Ah, villains. We love to hate them. And while we may not fall in love with the bad guys and most have no redeemable qualities whatsoever, we can’t help but be fascinated by them. It’s only human nature. It’s like driving by a car accident. We feel horrible for the people involved but we can’t help but look. Hopefully we are all non-villains here at the diner, nevertheless as writers we are intrigued about what makes them tick. Many times, the villain is so interesting, so compelling, he steals the show from the hero.
Think Darth Vader in Star Wars or Mrs. Danvers in Rebecca. Archibald Cunningham in Rob Roy or Jack Nicholson’s Joker in Batman. Nurse Ratched in One Flew Over the Cuckoo’s Nest or Hannibal Lector in Silence of the Lambs. They weren’t the stars, but they made the movie.
No actor has brought more life and personality to bad guys on the big screen better than Alan Rickman.
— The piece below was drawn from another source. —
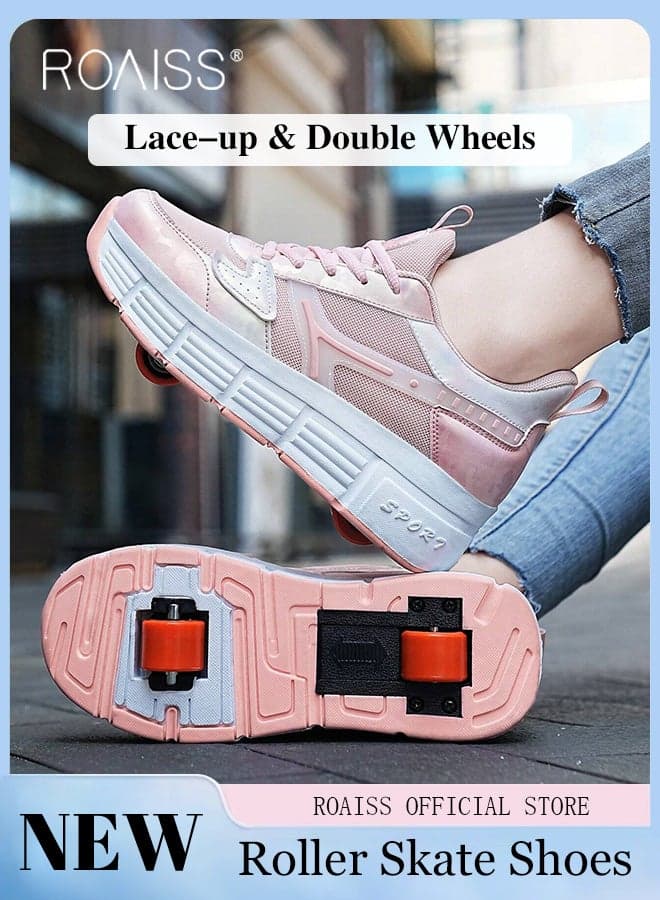 Kids Double Wheel Roller Skates Shoes, Lace-up Low Top Sneakers, Cool Versatile Roller Skates, Stylish Comfortable Shoes with Detachable Roll Wheels, Ideal Gift for Kids Pink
While he is a very talented thespian whose range goes from dramatic to comedic roles, it’s his villains that we love him for. The man is an acting genius, bringing a quality and depth to each of his evil characters that captivates us, leaving us eagerly awaiting his next appearance onstage as the drama plays out, while we all but forget about the hero.
He first burst onto the big screen as the merciless German terrorist Hans Gruber in Die Hard. Sure, Bruce Willis was the mega star, but Gruber’s cool sneers and subtle malice kept us glued to our seats. Even as he got his in the climactic end, all of American sat up and said “Who was that guy?” Next came his unforgettable portrayal of the Sheriff of Nottingham in Robin Hood: Prince of Thieves. Can you say Kevin who? While Costner was the box office draw, Rickman’s performance was the one everyone was talking about. He ranted and raved through each of his scenes, his frustration comical as Robin Hood thwarted his best-laid plans. His smarmy Sheriff had so much screen presence and all the best lines that he stole the whole movie out from under Kevin Costner’s nose, earning him the British Academy Award for Best Supporting Actor. His next villainous role was that of Grigori Rasputin in the HBO series Rasputin: Dark Servant of Destiny. His portrayal of the mad monk was so convincing, it garnered him an Emmy and Golden Globe award for it.
Then there’s Serevus Snape, a complex character Rickman has portrayed in all of the Harry Potter movies. While technically he wasn’t really a villain, he started out as one. Or did he? His character had us so conflicted, we never truly knew where his loyalties lay until the very end of the series. Some of us still aren’t sure. There’s never been a dark character so mysterious, so misleading, so multi-dimensional and layered, as Serevus Snape. Chalk that one up to the brilliant talent of J.K. Rowling. She took a character from villain to tragic hero on the written page and Alan Rickman brought him to full, vibrant life on the big screen. It’s a lesson we all should take to heart: if you ever think you may want to make your villain redeemable at some point, you might want to start by studying the life of Serevus Snape.